A cette situation sécuritaire préjudiciable pour l’économie, il faudra ajouter le climat social en ébullition tout au long de l’année, avec des grèves tous azimuts dans l’administration publique.

Le PNDES attend toujours ses organes techniques

Selon Free Afrik, le Plan national de développement économique et social (PNDES) est toujours sur papier. Les organes techniques ne sont pas encore fonctionnels malgré la grande publicité autour de ce référentiel de développement du Burkina. Si Free Afrik reconnait la réussite de la table-ronde de Paris en décembre 2016, il estime toutefois que « ce succès relatif ne doit pas faire perdre de vue les contraintes concrètes qui pèsent sur la capacité d’absorption ainsi que la priorité donnée à la mobilisation des ressources internes ». Pendant ce temps, la population a augmenté d’au moins un demi-million de personnes en 2016. Et les défis restent entiers.
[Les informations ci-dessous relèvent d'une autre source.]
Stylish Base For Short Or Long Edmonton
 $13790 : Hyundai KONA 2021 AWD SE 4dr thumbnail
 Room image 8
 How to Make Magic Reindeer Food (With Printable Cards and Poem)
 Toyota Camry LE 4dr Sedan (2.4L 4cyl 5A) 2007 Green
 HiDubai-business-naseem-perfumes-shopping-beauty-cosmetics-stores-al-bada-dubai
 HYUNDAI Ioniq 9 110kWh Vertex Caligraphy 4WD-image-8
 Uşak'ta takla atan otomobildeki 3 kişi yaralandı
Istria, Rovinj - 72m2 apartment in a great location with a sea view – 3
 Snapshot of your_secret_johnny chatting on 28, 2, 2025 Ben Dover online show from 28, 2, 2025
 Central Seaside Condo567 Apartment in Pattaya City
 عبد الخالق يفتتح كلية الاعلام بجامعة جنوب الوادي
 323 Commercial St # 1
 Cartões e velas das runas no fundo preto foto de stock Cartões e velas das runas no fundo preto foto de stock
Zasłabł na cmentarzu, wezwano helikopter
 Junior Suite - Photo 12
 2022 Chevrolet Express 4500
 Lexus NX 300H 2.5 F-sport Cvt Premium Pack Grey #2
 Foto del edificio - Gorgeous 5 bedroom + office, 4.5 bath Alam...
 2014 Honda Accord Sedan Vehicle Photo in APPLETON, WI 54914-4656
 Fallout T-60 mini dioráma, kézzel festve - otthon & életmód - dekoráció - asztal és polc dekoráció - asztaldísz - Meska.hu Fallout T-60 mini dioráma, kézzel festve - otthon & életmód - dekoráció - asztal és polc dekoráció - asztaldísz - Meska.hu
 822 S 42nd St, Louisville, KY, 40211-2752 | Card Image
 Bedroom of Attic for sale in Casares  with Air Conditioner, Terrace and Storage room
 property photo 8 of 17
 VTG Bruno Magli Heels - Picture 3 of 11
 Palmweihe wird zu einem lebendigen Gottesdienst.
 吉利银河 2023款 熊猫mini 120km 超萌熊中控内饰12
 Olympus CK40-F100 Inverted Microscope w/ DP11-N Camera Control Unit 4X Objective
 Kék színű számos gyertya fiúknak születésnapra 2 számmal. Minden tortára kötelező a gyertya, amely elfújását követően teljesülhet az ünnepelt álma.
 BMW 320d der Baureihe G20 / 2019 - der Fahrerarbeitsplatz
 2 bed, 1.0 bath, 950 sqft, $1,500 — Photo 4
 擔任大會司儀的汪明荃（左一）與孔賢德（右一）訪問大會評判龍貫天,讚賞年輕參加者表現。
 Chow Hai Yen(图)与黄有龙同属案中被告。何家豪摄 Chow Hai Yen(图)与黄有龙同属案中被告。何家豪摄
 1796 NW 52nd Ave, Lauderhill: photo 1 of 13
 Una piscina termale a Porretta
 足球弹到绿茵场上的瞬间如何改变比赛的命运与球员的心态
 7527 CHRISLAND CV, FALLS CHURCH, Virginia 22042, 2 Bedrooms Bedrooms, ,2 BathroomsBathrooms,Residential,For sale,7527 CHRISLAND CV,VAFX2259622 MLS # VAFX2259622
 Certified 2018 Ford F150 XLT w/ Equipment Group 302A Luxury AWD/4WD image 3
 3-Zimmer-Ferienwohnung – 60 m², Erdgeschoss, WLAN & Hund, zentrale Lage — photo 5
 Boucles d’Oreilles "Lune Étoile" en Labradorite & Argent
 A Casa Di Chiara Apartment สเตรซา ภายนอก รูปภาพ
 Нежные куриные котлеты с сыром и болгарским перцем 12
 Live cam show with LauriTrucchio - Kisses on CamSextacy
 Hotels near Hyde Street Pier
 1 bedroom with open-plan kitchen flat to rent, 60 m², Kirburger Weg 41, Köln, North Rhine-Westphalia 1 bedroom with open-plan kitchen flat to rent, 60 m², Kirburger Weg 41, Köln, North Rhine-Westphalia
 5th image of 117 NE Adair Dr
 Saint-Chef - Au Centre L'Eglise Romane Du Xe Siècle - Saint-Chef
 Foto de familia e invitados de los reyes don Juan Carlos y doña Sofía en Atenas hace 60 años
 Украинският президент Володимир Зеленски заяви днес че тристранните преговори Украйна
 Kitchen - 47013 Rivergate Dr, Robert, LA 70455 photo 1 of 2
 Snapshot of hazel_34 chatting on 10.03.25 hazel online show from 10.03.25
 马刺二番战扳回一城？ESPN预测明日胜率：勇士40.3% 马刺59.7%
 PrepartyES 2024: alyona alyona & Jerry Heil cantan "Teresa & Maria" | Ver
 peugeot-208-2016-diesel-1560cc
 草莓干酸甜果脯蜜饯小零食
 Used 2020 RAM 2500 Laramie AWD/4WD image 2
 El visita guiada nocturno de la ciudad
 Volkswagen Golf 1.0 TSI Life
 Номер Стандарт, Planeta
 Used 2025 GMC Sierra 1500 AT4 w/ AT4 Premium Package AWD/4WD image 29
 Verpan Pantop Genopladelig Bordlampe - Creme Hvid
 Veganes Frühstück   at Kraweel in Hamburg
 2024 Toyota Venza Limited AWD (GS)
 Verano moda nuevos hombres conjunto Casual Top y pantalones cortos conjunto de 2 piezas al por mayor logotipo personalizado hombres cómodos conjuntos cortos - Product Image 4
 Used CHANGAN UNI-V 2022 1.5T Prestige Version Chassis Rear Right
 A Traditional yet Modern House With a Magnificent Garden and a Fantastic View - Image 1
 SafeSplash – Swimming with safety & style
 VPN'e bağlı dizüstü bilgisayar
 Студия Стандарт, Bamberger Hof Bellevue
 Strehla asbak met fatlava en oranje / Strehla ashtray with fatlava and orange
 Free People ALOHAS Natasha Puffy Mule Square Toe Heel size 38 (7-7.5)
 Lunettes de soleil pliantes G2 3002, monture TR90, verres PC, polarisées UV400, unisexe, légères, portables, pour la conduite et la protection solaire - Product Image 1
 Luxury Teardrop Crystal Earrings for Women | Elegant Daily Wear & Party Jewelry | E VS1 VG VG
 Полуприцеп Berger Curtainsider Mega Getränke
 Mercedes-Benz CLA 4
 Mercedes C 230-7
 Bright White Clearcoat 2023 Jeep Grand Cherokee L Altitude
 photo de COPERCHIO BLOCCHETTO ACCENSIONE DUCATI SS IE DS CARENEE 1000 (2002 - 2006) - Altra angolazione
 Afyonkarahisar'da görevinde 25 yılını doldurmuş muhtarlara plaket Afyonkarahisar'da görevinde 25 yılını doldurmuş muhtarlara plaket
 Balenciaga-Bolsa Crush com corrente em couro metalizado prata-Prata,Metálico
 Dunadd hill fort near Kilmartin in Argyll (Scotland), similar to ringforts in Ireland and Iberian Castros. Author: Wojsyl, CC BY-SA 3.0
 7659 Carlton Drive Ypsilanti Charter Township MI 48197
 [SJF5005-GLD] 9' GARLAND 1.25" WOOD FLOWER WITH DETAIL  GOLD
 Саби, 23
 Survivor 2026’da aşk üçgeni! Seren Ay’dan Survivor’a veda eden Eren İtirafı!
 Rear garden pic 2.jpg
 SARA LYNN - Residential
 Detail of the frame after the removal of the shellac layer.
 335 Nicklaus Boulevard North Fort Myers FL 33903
2017 : précipice ou renouveau ?

Free Afrik souligne l’inertie, l’improvisation, les réformes précipitées et les idées vendangées par les autorités politiques. Il en veut pour preuve la gratuité des soins qui a été improvisée, sans une communication appropriée en direction des bénéficiaires, ni concertation suffisante avec les parties prenantes. Aussi, la disponibilité des stocks et la soutenabilité financière et économique de la réforme et des formations sanitaires n’auraient pas été étudiées et les précautions requises ont alors manqué. Cette réforme de grande portée sociale du président Kaboré connait donc d’importantes difficultés qu’il faudra corriger au plus vite pour renforcer les impacts attendus.


L’étude confirme également le pouvoir triangulaire du parti au pouvoir, le Mouvement du peuple pour le progrès (MPP). Un triangle d’incompatibilité qui a pour conséquence une lourdeur dans les prises de décision, la faible réactivité et l’attentisme dans certains cas. Pour sortir de cette inertie préjudiciable à l’économie burkinabè, un repositionnement des acteurs est indispensable. Faute de quoi, le pays se dirige vers le précipice. C’est donc dire que 2017 s’annonce critique. Il appartiendra aux Burkinabè de prendre leurs responsabilités, chacun en ce qui le concerne. Car, l’analyse stratégique menée par Free Afrik indique que 2017 est une année critique, conduisant au précipice, ou une perspective plus heureuse de renouveau économique si tous les acteurs jouent pleinement leurs rôles.

Les pays de l’UEMOA se portent bien

Cette étude fait d’abord le point sur l’économie mondiale dont la croissance est en régression. Le taux de croissance mondiale est de 3.1% en 2016 contre 3.8% sur la période 2010-2015. Cette décélération de l’économie mondiale est liée au ralentissement de l’investissement des USA, les incertitudes politiques suscitées par le Brexit et la montée de l’extrémisme politique, mais aussi la menace terroriste.

Les économies émergentes, quant à elles, poursuivent leur croissance. Mais, l’économie chinoise, le moteur de cette croissance, connait un ralentissement en 2016. C’est plutôt l’économie indienne qui enregistre la meilleure performance des pays émergents avec une croissance économique de 7.6%.

La croissance africaine est en train de s’essouffler. En 2016, l’économie de l’Afrique subsaharienne enregistre une croissance inférieure à la moyenne mondiale, soit 1,4% contre 3.1% au niveau mondial. En 2015, la croissance économique de cette partie du monde était de 3.4%. Mais, la bonne nouvelle vient de la zone UEMOA qui affiche une croissance de 7% en 2015 et 2016. Le Burkina est classé 6e de l’UEMOA en terme de taux de croissance.

Free Afrik est un organisme indépendant de recherche. Il est porté par un collège de jeunes intellectuels africains engagés à mettre la science, en particulier l’économie au service de la liberté en Afrique.